In 1991, KVH’s director was accused of sexually abusing resident boys; he eventually resigned. His replacement was later accused of physically abusing the boys at the KVH at least 12 times. None of these incidents were reported to Child Protective Services (CPS).

The abusive conduct wasn’t limited to the leadership or staff. As at the OKBR, older boys at the KVH preyed on younger boys, abusing them physically and sexually. Starting in 1985, reports of sexual abuse between residents and by staff and other adults were a regular occurrence.

Problems between the boys were due to both understaffing and overcrowding. As early as 1984, the KVH failed to meet the minimum state qualification requirements for staff. In 1991, the state noted that the KVH was operating with “no social worker, no vocational program, no school, and no work program,” despite receiving state funding for such programs.

The state also reported that the physical environment at the KVH was “deplorable,” with “broken fire alarms, pipes protruding through the bedroom floors, defective toilets, exposed outlets, broken glass, frequent electrical overloads, leaking roofs, rotting floors, protruding nails and screws on resident beds, broken fire escapes, and broken windows.” Within this unsafe environment, as many as four or five boys — including sex offenders and sexual assault survivors— were crammed together in a single bedroom. A state monitor described this combination of young boys with sexual predators as “a bomb awaiting the match.” Further, he noted, KVH “staff is woefully untrained to handle the present situation.”

The KVH was rebranded as the Coffee Creek Center in 1992, but its problems continued. It finally closed in 1994.

The State’s Role — Covering Up Abuse At Both Homes

The conditions for children at these group homes could only be described as torture.

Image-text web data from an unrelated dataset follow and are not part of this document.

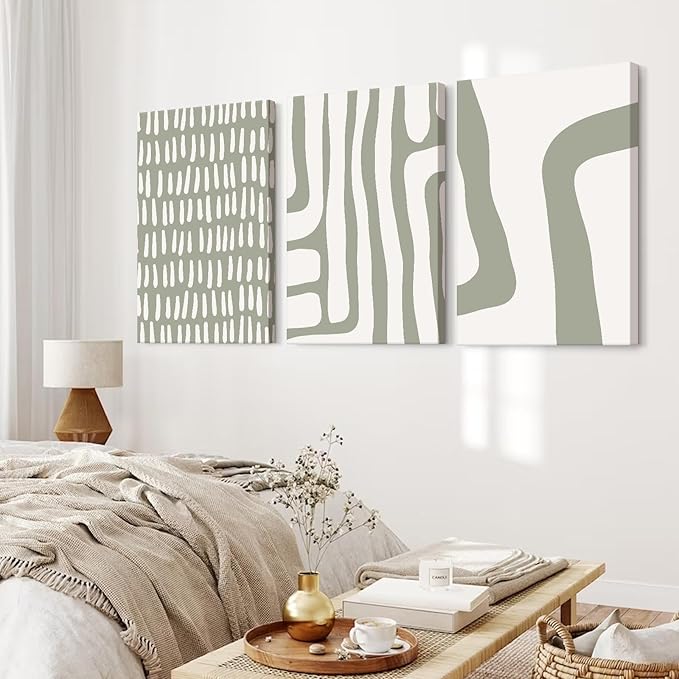 Minimalist Neutral Wall Art Decor Sage Green Boho Canvas Poster Abstract Modern Painting Wall Art Mid Century Beige Pictures Prints Gallery Line Wall Art for Bedroom 16x24 Inch Wrapped Canvas Set of 3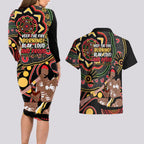 Australia Didgeridoo NAIDOC Week 2024 Couples Matching Long Sleeve Bodycon Dress and Hawaiian Shirt Keep The Fire Burning Blak Loud and Proud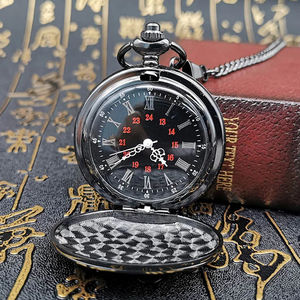 Montre de poche à quartz vintage steampunk antique avec chiffres romains, boîtier doré, collier pendentif, chaîne, pour homme et femme - Product Image 3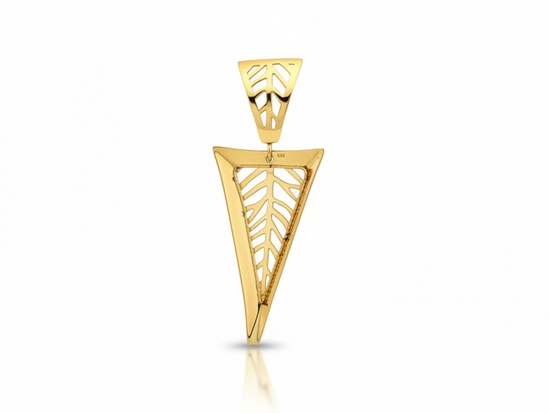 Zawieszka złota duża ażurowa modna z trójkątów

Boys displaced from their birth families were subject to physical and sexual abuses — not to mention ongoing mental and emotional torment — that were so pervasive that they became routine. The number of boys irreparably scarred by their time in the Kiwanis homes will never be known.

Both the homes and the DSHS failed these boys at every level. The dangerous combination of money from powerful donors, politics and cronyism prevented anyone from acting to protect these children. In just one example, a local man who donated property worth $20,000 to the OKBR was “recognized” for his contribution by being allowed weekend visits from the resident boys. He was later convicted of molesting those boys.

The state was directly complicit in these abuses. In a state audit conducted at the OKBR in 1989, the home failed to meet eight of the 10 minimum requirements for state licensing. The auditor’s report was ignored, and the home was re-licensed without any substantial changes. The state’s deputy secretary intervened to prevent license revocation in 1991, ordering his staff to “work it out.”

These continual, catastrophic, systematic failures persisted the entire time both homes were open. Criminal activity among the staff and the boys was often ignored, violating mandatory reporting laws. Sexual violence was dismissed without investigation, with staff members claiming that “boys will be boys.”

Worse, the politically connected Kiwanians in charge of both homes had their own ways of evading consequences. According to the Seattle Times, the police eventually sought criminal charges against the administration at the OKBR. However, the Thurston County prosecutor declined to file any such charges. That prosecutor was the president-elect of the home’s parent organization, the Olympia Kiwanis Club.

The Washington DSHS knew of the abuse for at least five years before shutting these homes down. That’s why the state is now being held accountable for its part in this devastating tragedy.